Une affaire devenue politique
Encore une semaine et le sort de SeaFrance aura été scellé. Le 3 janvier, le tribunal a décidé de surseoir quant au sort de SeaFrance. Le 9 janvier (après notre bouclage), il a décidé de prononcer la reprise de SeaFrance par la SCOP ou la cessation complète d’activité et la mise en liquidation. Si le premier scénario paraît incertain, il n’est pas dit que le second sonne totalement le glas de la compagnie maritime filiale de la SNCF. L’intervention du président de la République a ajouté une pression supplémentaire sur les acteurs et donné un répit aux salariés. Pour quel résultat ?Les 300 salariés qui avaient fait le déplacement le 3 janvier étaient attendus par plusieurs escouades de CRS, signe d’une tension à son comble.

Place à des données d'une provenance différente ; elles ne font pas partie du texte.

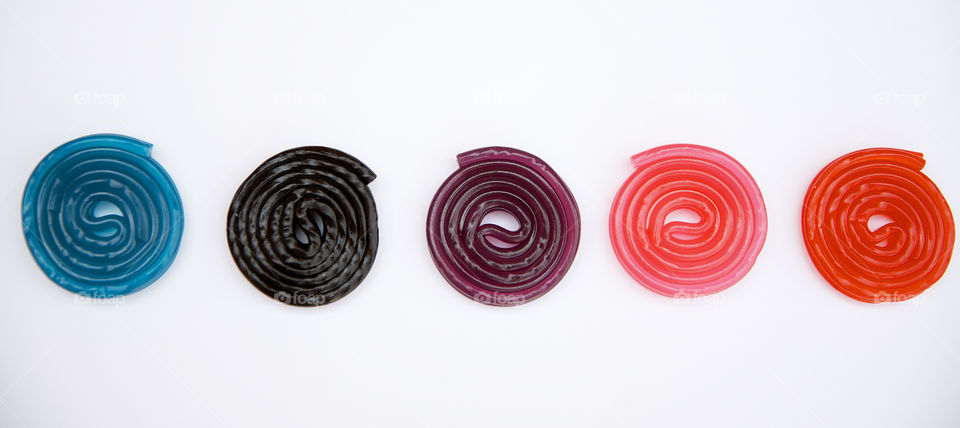 Colored liquorice spirals on a white background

“Je ne renoncerai jamais à me battre pour l’emploi.” Après la déclaration du président de la République, le tribunal de commerce de Paris a compris le message et donné une semaine de plus aux salariés promoteurs de la SCOP pour s’entendre avec le gouvernement qui a fait une volte-face totale sur ce dossier. En effet, après avoir fustigé les membres de la CFDT maritime Nord – “jusqu’au-boutisme”, “suicide collectif” –, le secrétaire d’Etat aux Transports, Thierry Mariani, s’est fait rappeler à l’ordre et a repris les négociations avec la CFDT afin de trouver un accord sur le futur des 880 salariés de l’entreprise maritime. “Puisque les salariés veulent monter une SCOP, le gouvernement va les y aider. Dans le cas d’une liquidation probable de l’entreprise, les salariés toucheront des primes non négligeables. Nous allons voir comment accélérer le versement de ces sommes pour que les salariés puissent les réinvestir dans l’entreprise”, a-t-il déclaré. Toutefois, la question de la viabilité et de la rentabilité subsiste. Au niveau du capital, les repreneurs sont assurés d’une dizaine de millions d’euros provenant des collectivités publiques régionales (Conseil régional, Conseil général, communautés d’agglomération de la Côte d’Opale, villes). Le dossier est devenu éminemment politique, la dégradation de la situation de SeaFrance a obligé les élus de tous bords à prendre position sur les offres de reprise de décembre : DFDS ou SCOP de salariés. Le premier aurait certainement voulu s’entendre avec les salariés, poussés par le gouvernement à se rallier à l’entreprise danoise. Mais le coût social a été jugé exorbitant par la CFDT qui a décliné toute rencontre. La stratégie s’avère payante : DFDS a pris (momentanément) ses distances et le gouvernement a dû suivre une opinion publique favorable à ces salariés qui veulent sauver euxmêmes leur entreprise après des années d’errance financière. Le gouvernement a mis sur la table plusieurs éléments pour sortir de ce mauvais pas en termes d’emplois. A quatre mois du premier tour de l’élection présidentielle, il était temps… “L’Etat est lié à la position des salariés de SeaFrance”, nous indique le cabinet de Thierry Mariani. “La CFDT nous disait, il y a 15 jours : ‘nous avons 100 000 euros et la SNCF doit payer’. Mais l’Europe nous l’a interdit. Nous leur avons conseillé de trouver des partenaires privés. DFDS voulait les rencontrer…”, ajoute un membre du cabinet.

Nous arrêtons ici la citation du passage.